El Cerrito Plaza is a shopping center in El Cerrito, California, a suburb in the San Francisco Bay Area.

Location
El Cerrito Plaza is located on the southern border of El Cerrito (adjacent to the city of Albany) between San Pablo Avenue and the BART rail tracks. Directly to the north is the El Cerrito Plaza BART station.

History

El Cerrito Plaza is located on a part of the June 12, 1834 Rancho San Pablo Mexican land grant to Francisco María Castro.  Several buildings were constructed by the Castro family over the years.  Víctor Castro, Francisco's son,  built his wood frame adobe home here in the early 19th century and it remained standing until it burned down in 1956, shortly before the original shopping center was built. Castro was initially buried, along with four of his children, in what is now the El Cerrito Plaza shopping center. According to Findagrave, Victor's remains were re-interred in the 1950s to the Sunset View cemetery, along with several family members.

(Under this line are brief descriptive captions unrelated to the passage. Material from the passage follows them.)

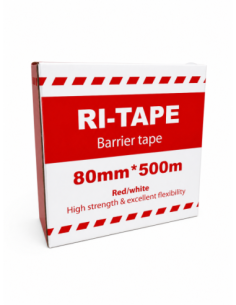 Afzetlint rood/wit 80 mm x 500 m in dispenserdoos kopen? Bestel nu!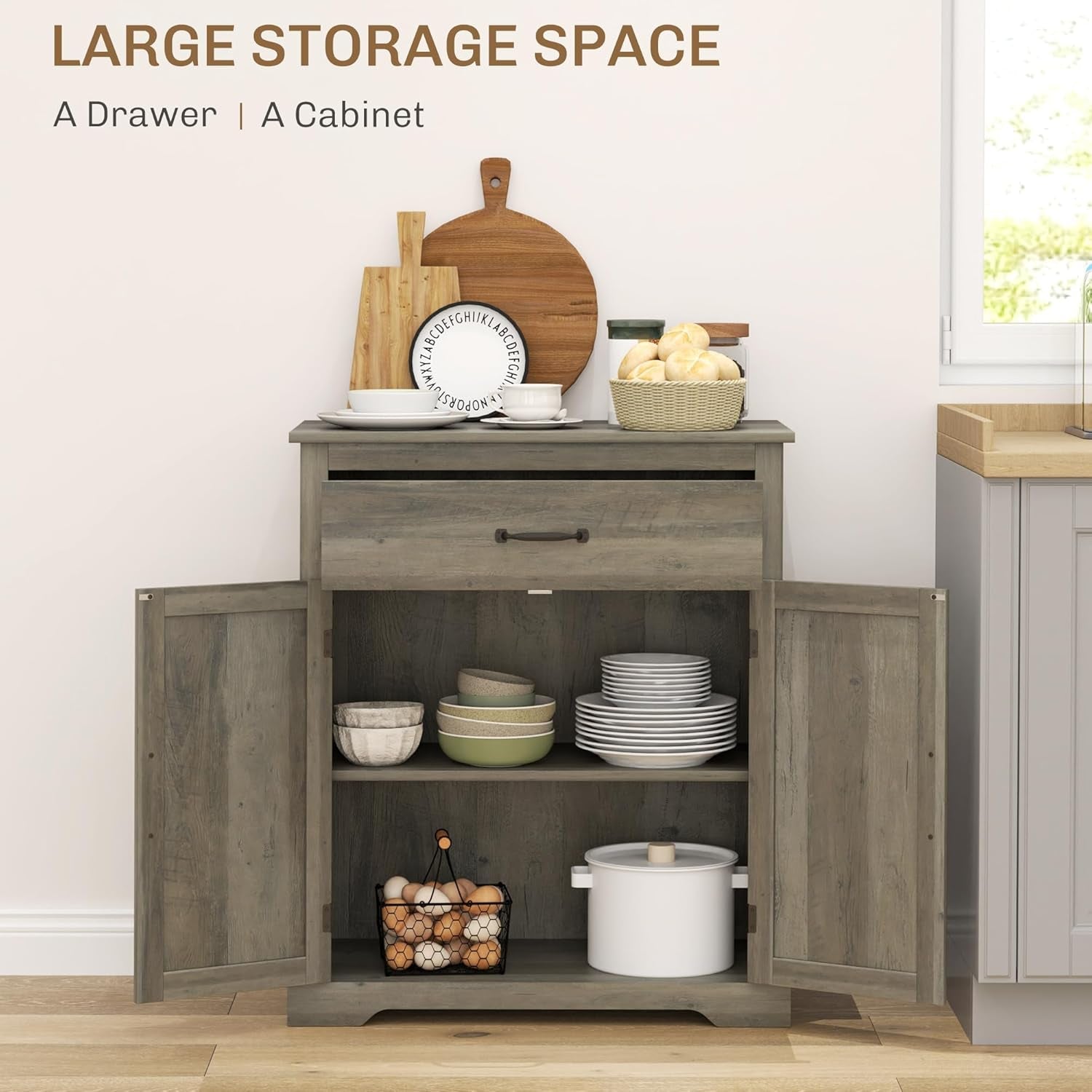 Gray Farmhouse Sideboard Buffet Cabinet with Drawer Shelf-3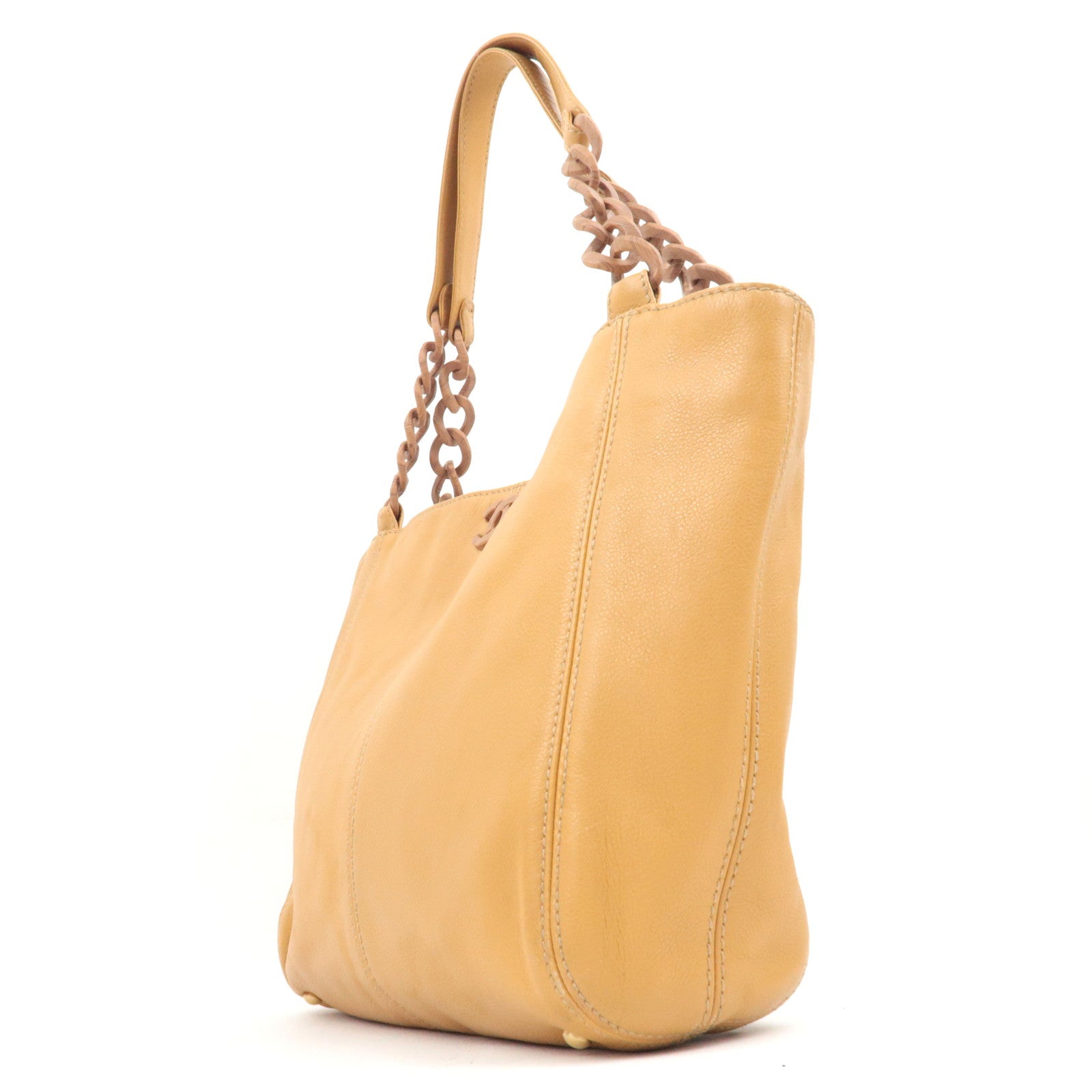 CHANEL Wood Handle Chain Tote Bag Leather Camel 8682797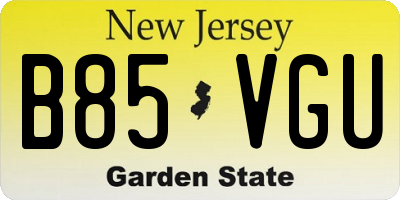 NJ license plate B85VGU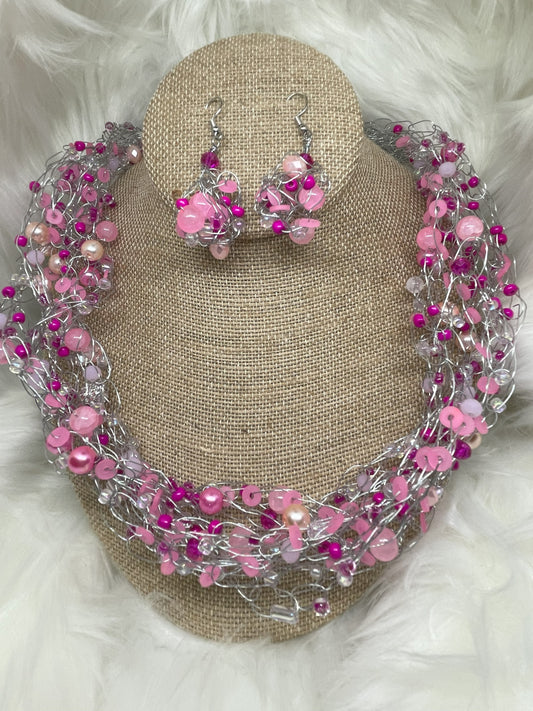 Pink Bead Crocheted Necklace Set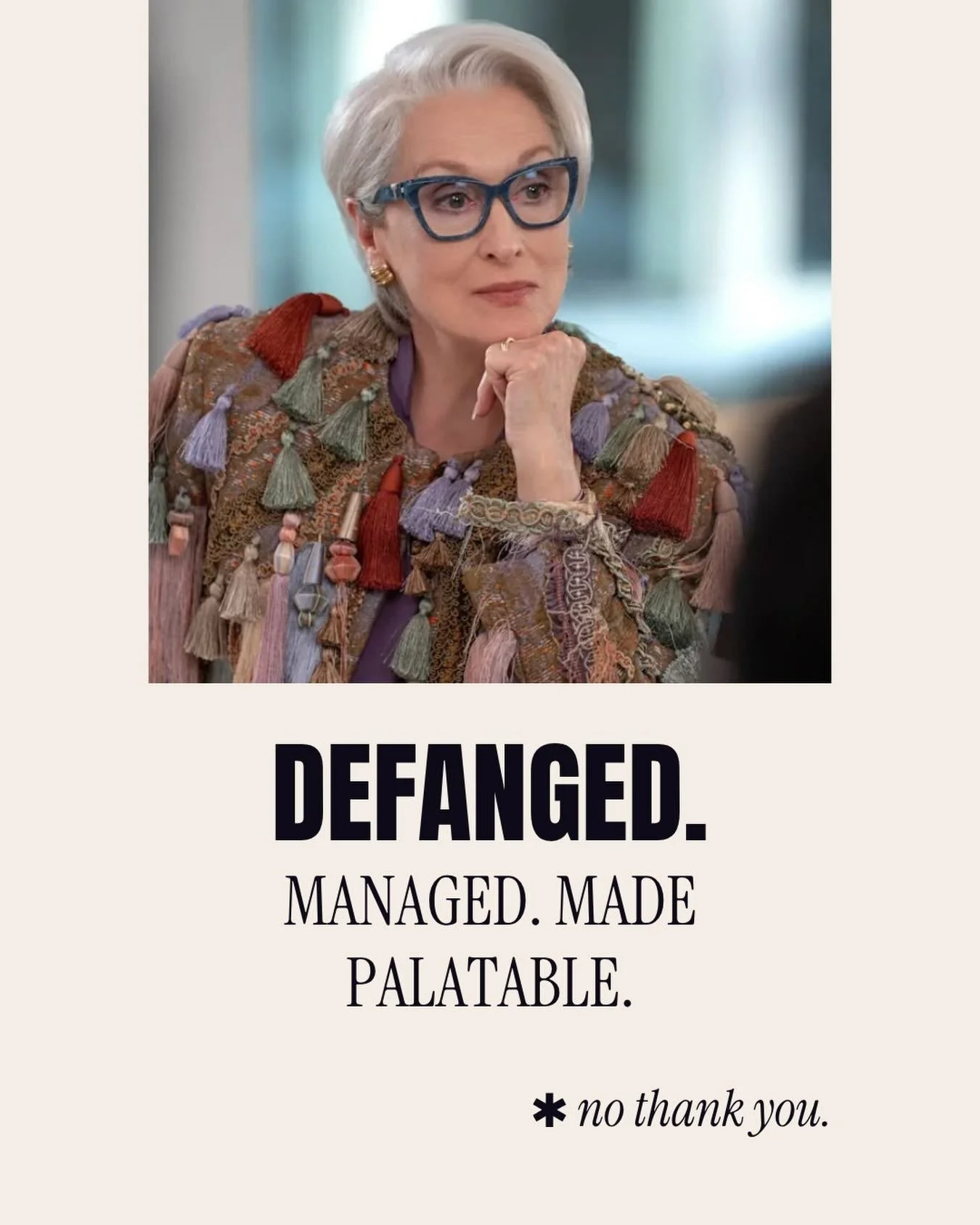 Miranda Priestly was the most powerful woman in fashion. The sequel made her reasonable. And in doing so, killed her.

They dressed her in soft colours, fluid fabrics. Even the soft blue marbled glasses&hellip;all softening out the edges that made he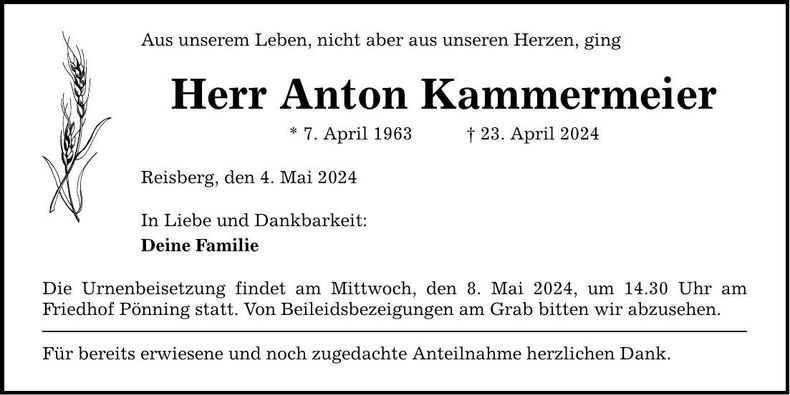 Traueranzeige Anton Kammermeier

During the 1930s, the Castro adobe housed a gambling casino, and the eastern side of the current Plaza housed a dog racing track.  After the track closed, its parking lot housed a trailer park for Kaiser shipyard workers, with the track field area used by El Cerrito High School.  In the late 1940s, a drive in theatre (Cerrito Motor Movies) was built there and operated until the mid-1950s.

El Cerrito Plaza originally opened in 1958 as a  regional mall, centered on a Capwell's department store.

El Cerrito Plaza began to decline with the 1976 opening of Hilltop Mall as well as the opening of other malls in Concord and Walnut Creek. Many shoppers also turned to nearby Fourth Street in Berkeley and retail developments in Emeryville. The closures of the Woolworth's store in 1993 and the Emporium (formerly Capwell's) anchor store in 1996 further accelerated the Plaza's decline.

In 2002, El Cerrito Plaza was partly demolished, remodeled, and reopened in its present form.  The San Francisco Chronicle panned the newly reconstructed Plaza, calling it "in a nutshell, dysfunctional and dull" and an example that "[i]f a city doesn't insist on good development and then stick to its guns, things can go from bad to worse."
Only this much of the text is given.